── RECORDS FOR THIS TASK ──
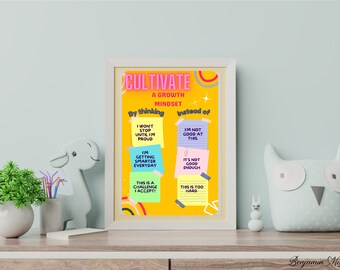 Póster de mentalidad de crecimiento: Afirmaciones positivas para niños (Descarga digital)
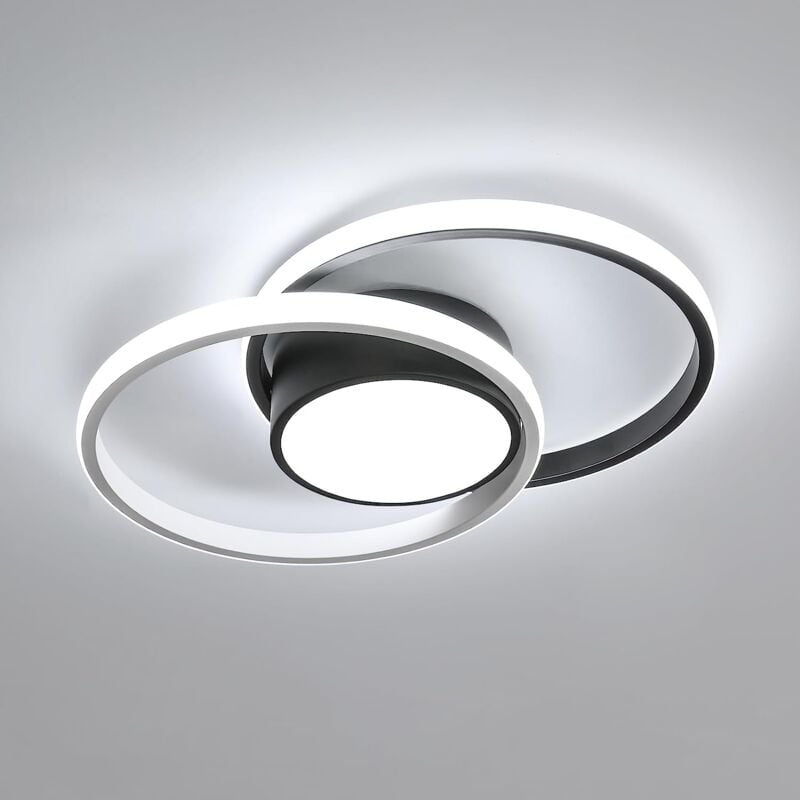 Plafonnier led Moderne Noir, Design Double Cercle, 42W 4000LM Dia 40cm Blanc Froid 6500K pour Chambre Couloir Cuisine Balcon - Goeco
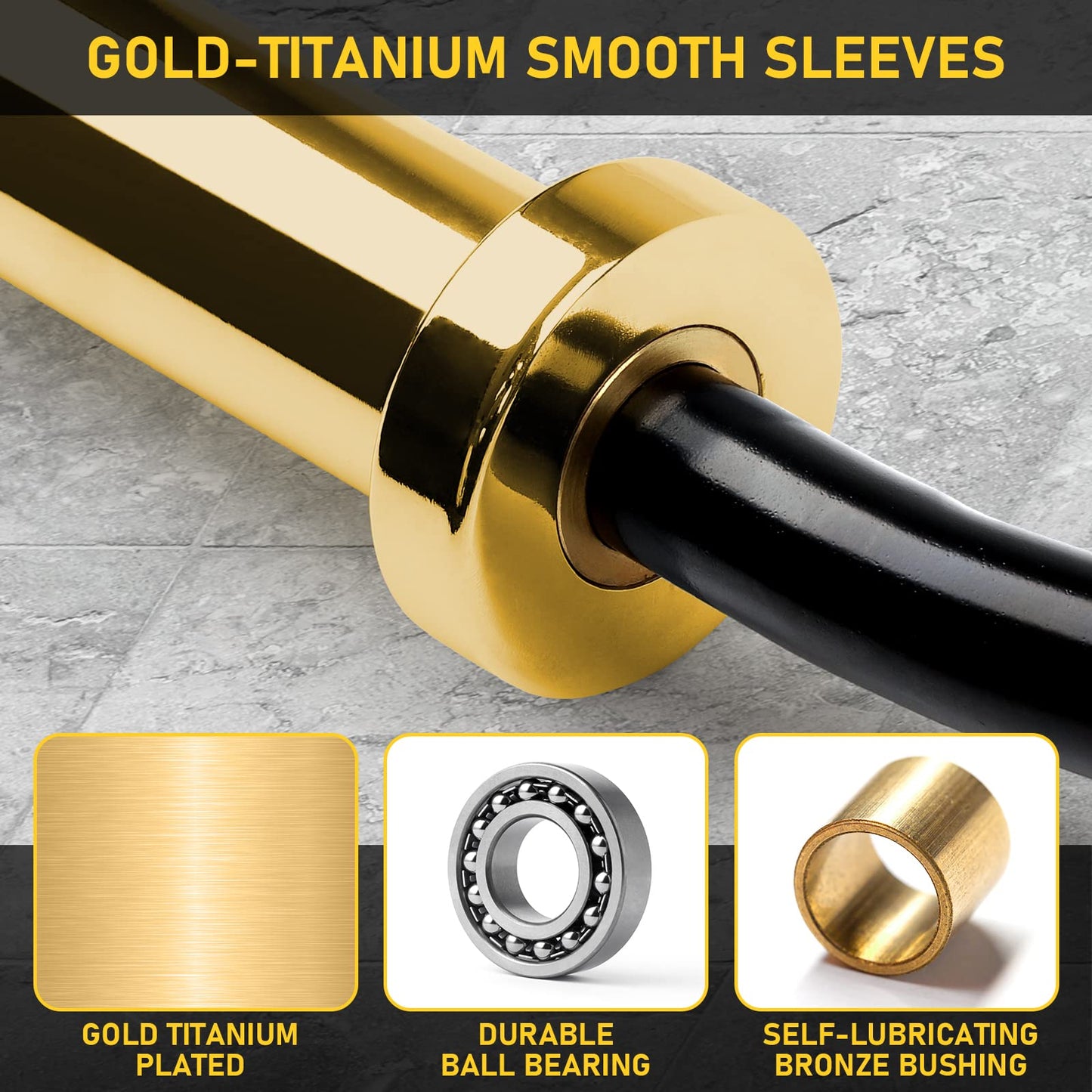 PhysKcal EZ Curl Bar, 1.2m Super EZ Olympic Bar for Standard 50mm Weight Plates, Excellent for Gaining Biceps and Triceps, Golden & Black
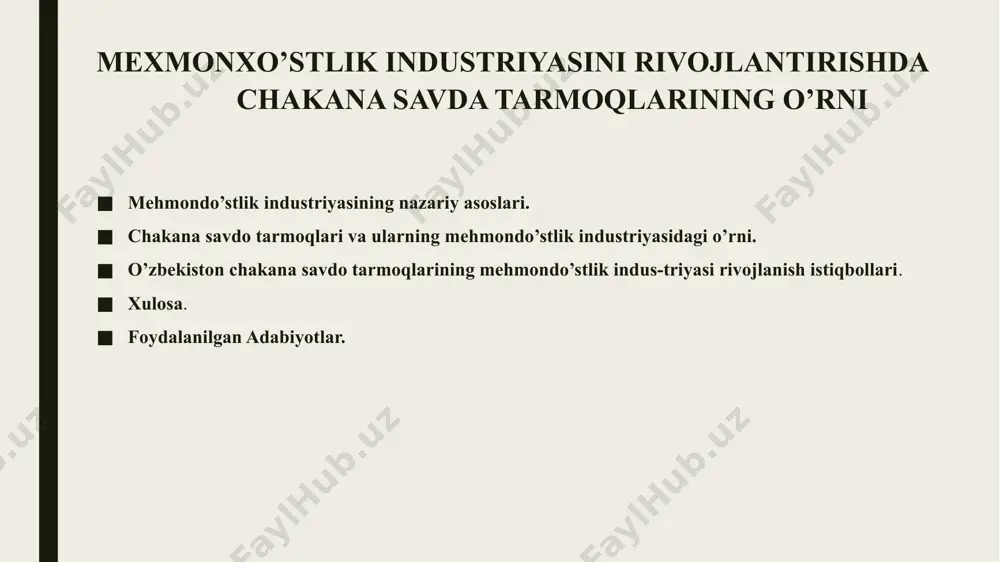 turizmda raqamli texnologiyalarni qo‘llash orqali mijozlar tajribasini yaxshilash va biznes jarayonlarini optimallashtirish imkoniyatlarini tahlil qilganlar, shuningdek, tadqiqotchilar raqamli turizmning kelajagi va uning rivojlanish istiqbollarini muhokama qilganlar. marianna sigala, roya rahimi va mike thelwall tomonidan yozilgan "big data and innovation in tourism, travel, and hospitality: managerial approaches, techniques, and applications" (2019) kitobi turizm, sayohat va mehmondo‘stlik sohalarida katta ma’lumotlardan foydalanish orqali innovatsiyalarni rivojlantirishga qaratilgan tadqiqotlar va amaliy dalillarni birlashtiradi. shuningdek, texnologik transformatsiyaning mijoz tajribasiga, operatsion jarayonlarga va barqaror rivojlanishga ta’siri o‘rganiladi. tadqiqot doirasida mehmondo‘stlik industriyasining raqobatbardoshligini oshirish va istiqbolli texnologik tendensiyalarni aniqlashga alohida e’tibor qaratiladi. maqolada sohaga innovatsion yondashuvlarni joriy etish bo‘yicha tavsiyalar berilib, ularning iqtisodiy samaradorligi tahlil qilinadi. mamlakatdagi umumiy iqtisodiy barqarorlik mehmondo‘stlik sohasining o‘sishi uchun asos bo‘lib xizmat qiladi. ta’siri: odamlarning daromadi oshsa, ular sayohat va dam olishga ko‘proq mablag‘ sarflaydi. iqtisodiy o‘sish investitsiyalarni jalb qiladi, yangi mehmonxonalar va xizmat turlari yaratiladi. inflatsiya yoki iqtisodiy inqirozlar bu sohani inqirozga …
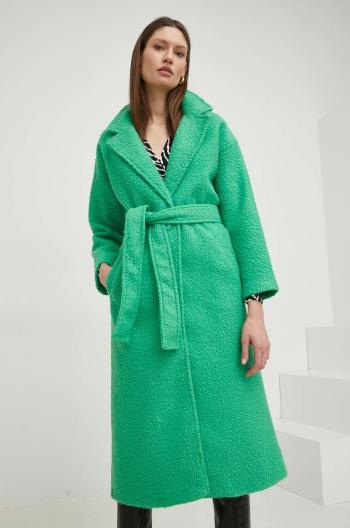 Kabát s vlnou Answear Lab zelená barva, přechodný, oversize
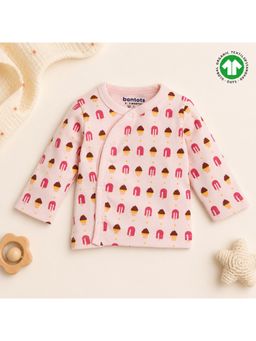 Bontots - Girls Pink Printed Jhabla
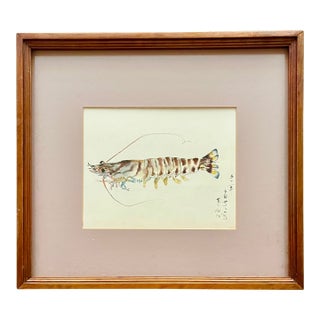 Mid Century Japanese Watercolor “Crawfish” - Kyoto For Sale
───
__TRY IT__
Only the text of the records belongs in the answer; reproduce it verbatim, with no pictures.

__EXERCISE SOLUTION__
 Póster de mentalidad de crecimiento: Afirmaciones positivas para niños (Descarga digital)
 Plafonnier led Moderne Noir, Design Double Cercle, 42W 4000LM Dia 40cm Blanc Froid 6500K pour Chambre Couloir Cuisine Balcon - Goeco
 PhysKcal EZ Curl Bar, 1.2m Super EZ Olympic Bar for Standard 50mm Weight Plates, Excellent for Gaining Biceps and Triceps, Golden & Black
 turizmda raqamli texnologiyalarni qo‘llash orqali mijozlar tajribasini yaxshilash va biznes jarayonlarini optimallashtirish imkoniyatlarini tahlil qilganlar, shuningdek, tadqiqotchilar raqamli turizmning kelajagi va uning rivojlanish istiqbollarini muhokama qilganlar. marianna sigala, roya rahimi va mike thelwall tomonidan yozilgan "big data and innovation in tourism, travel, and hospitality: managerial approaches, techniques, and applications" (2019) kitobi turizm, sayohat va mehmondo‘stlik sohalarida katta ma’lumotlardan foydalanish orqali innovatsiyalarni rivojlantirishga qaratilgan tadqiqotlar va amaliy dalillarni birlashtiradi. shuningdek, texnologik transformatsiyaning mijoz tajribasiga, operatsion jarayonlarga va barqaror rivojlanishga ta’siri o‘rganiladi. tadqiqot doirasida mehmondo‘stlik industriyasining raqobatbardoshligini oshirish va istiqbolli texnologik tendensiyalarni aniqlashga alohida e’tibor qaratiladi. maqolada sohaga innovatsion yondashuvlarni joriy etish bo‘yicha tavsiyalar berilib, ularning iqtisodiy samaradorligi tahlil qilinadi. mamlakatdagi umumiy iqtisodiy barqarorlik mehmondo‘stlik sohasining o‘sishi uchun asos bo‘lib xizmat qiladi. ta’siri: odamlarning daromadi oshsa, ular sayohat va dam olishga ko‘proq mablag‘ sarflaydi. iqtisodiy o‘sish investitsiyalarni jalb qiladi, yangi mehmonxonalar va xizmat turlari yaratiladi. inflatsiya yoki iqtisodiy inqirozlar bu sohani inqirozga …
 Kabát s vlnou Answear Lab zelená barva, přechodný, oversize
 Bontots - Girls Pink Printed Jhabla
 Mid Century Japanese Watercolor “Crawfish” - Kyoto For Sale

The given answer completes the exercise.